■ **GIVEN INFORMATION**
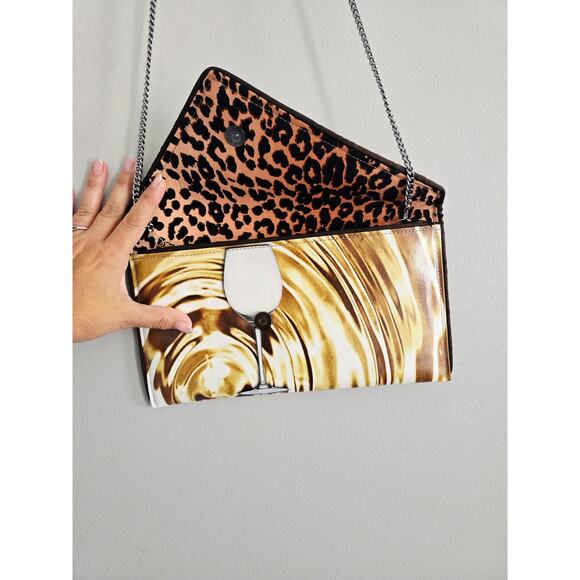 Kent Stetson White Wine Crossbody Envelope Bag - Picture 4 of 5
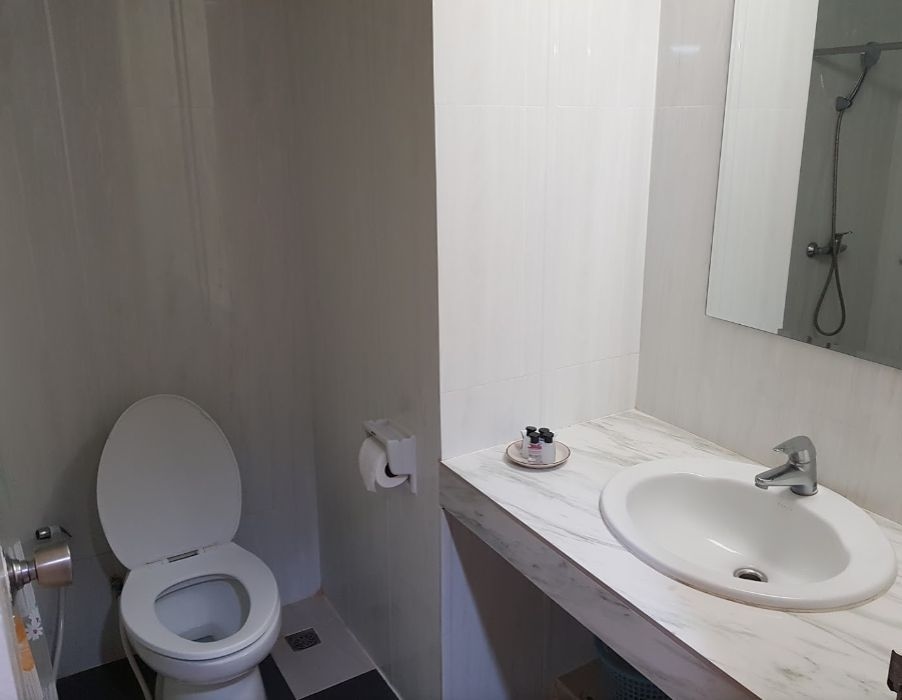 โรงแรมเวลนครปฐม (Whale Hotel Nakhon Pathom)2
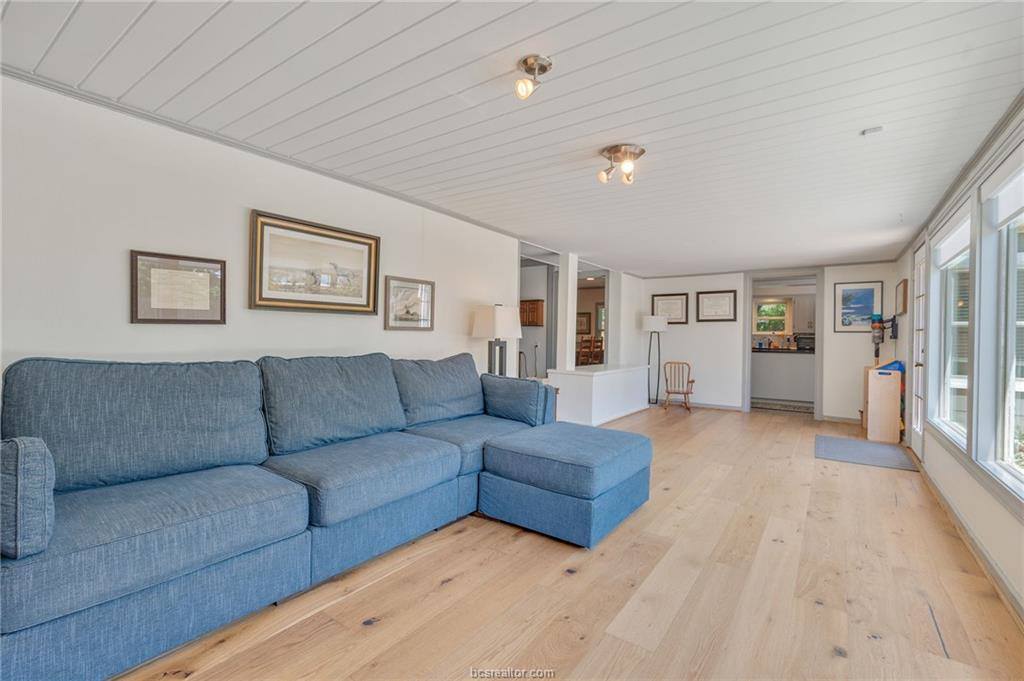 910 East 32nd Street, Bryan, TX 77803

■ **BRIEF**
Reproduce the data above in full, exactly as it is, with the pictures left out.

■ **OUTPUT**
 Kent Stetson White Wine Crossbody Envelope Bag - Picture 4 of 5
 โรงแรมเวลนครปฐม (Whale Hotel Nakhon Pathom)2
 910 East 32nd Street, Bryan, TX 77803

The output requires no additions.